All of the data must be output exactly, with every picture left out.

(Short text fragments from websites)

▼

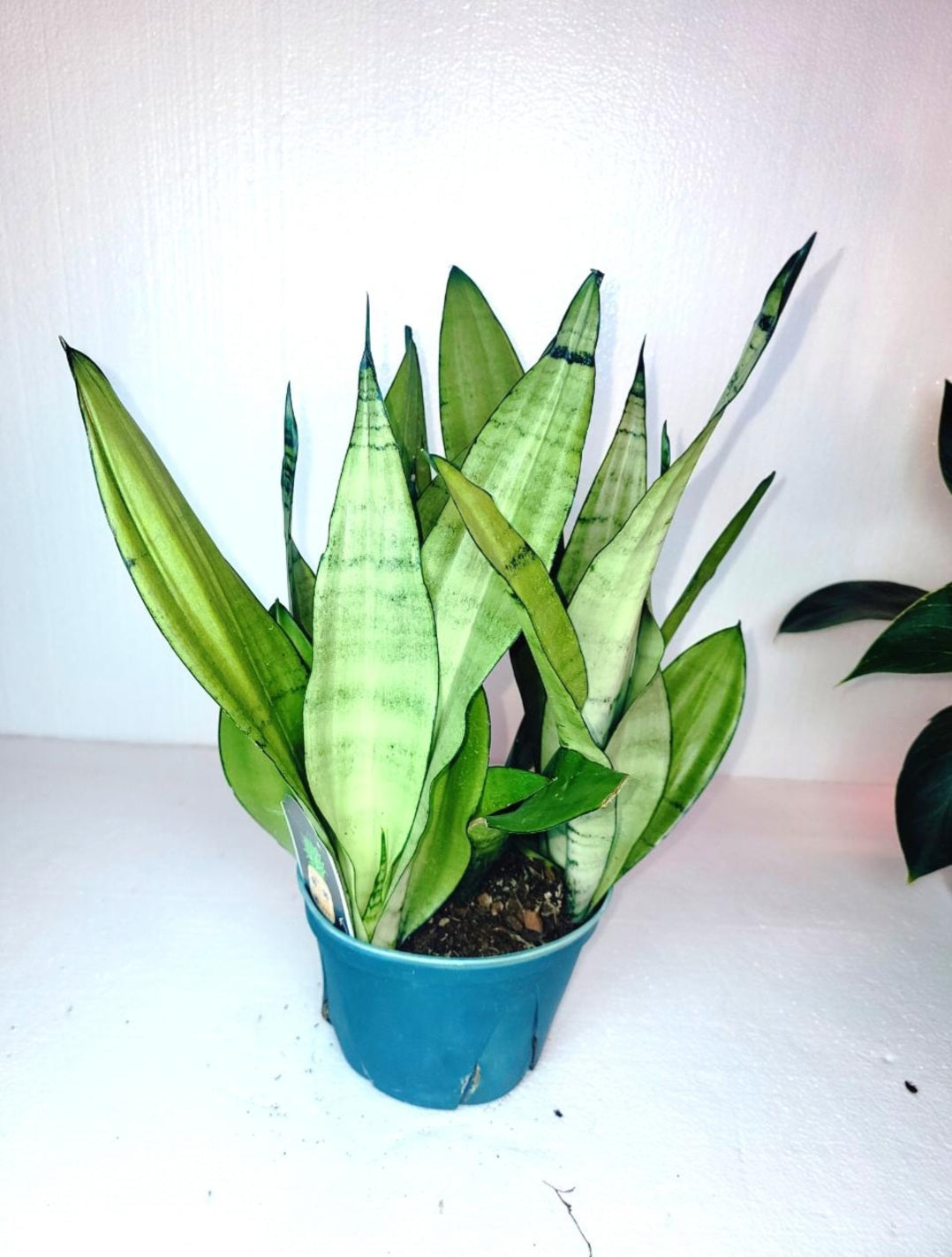 Sanseveria Moonshine 6 Inch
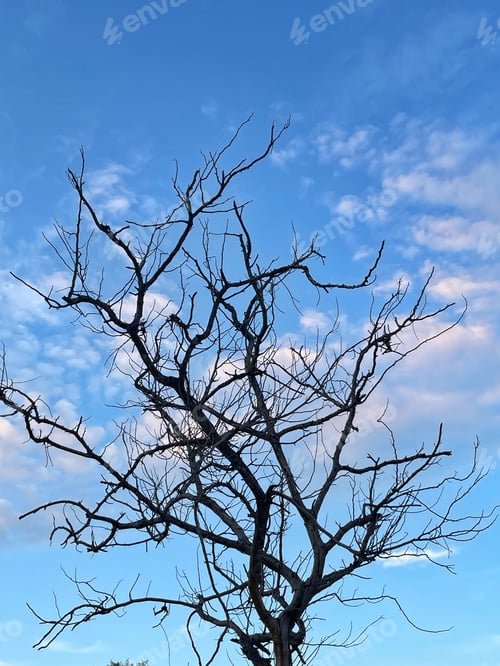 Preview: Dry tree branch on cloudy blue sky background. Silhouette of tree branches against the blue sky with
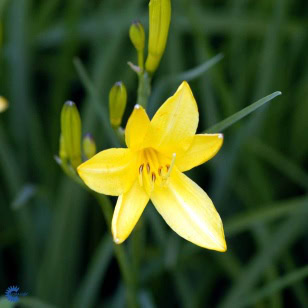 Gul Daglilje - Hemerocallis lilioasphodelus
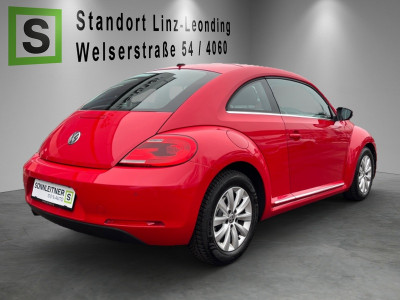 VW Beetle Gebrauchtwagen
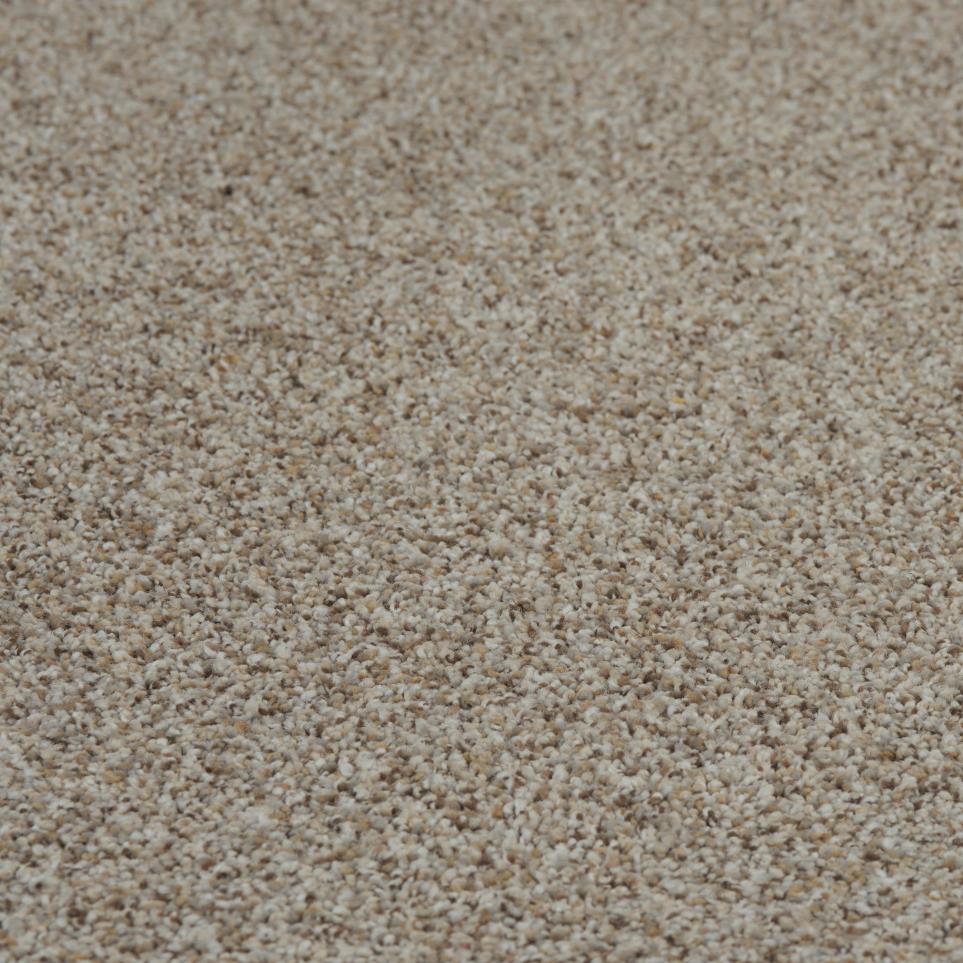 Texture Chateau Beige/Tan Carpet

▲

--- Answer section ---
 Sanseveria Moonshine 6 Inch
 Preview: Dry tree branch on cloudy blue sky background. Silhouette of tree branches against the blue sky with
 Gul Daglilje - Hemerocallis lilioasphodelus
 VW Beetle Gebrauchtwagen
 Texture Chateau Beige/Tan Carpet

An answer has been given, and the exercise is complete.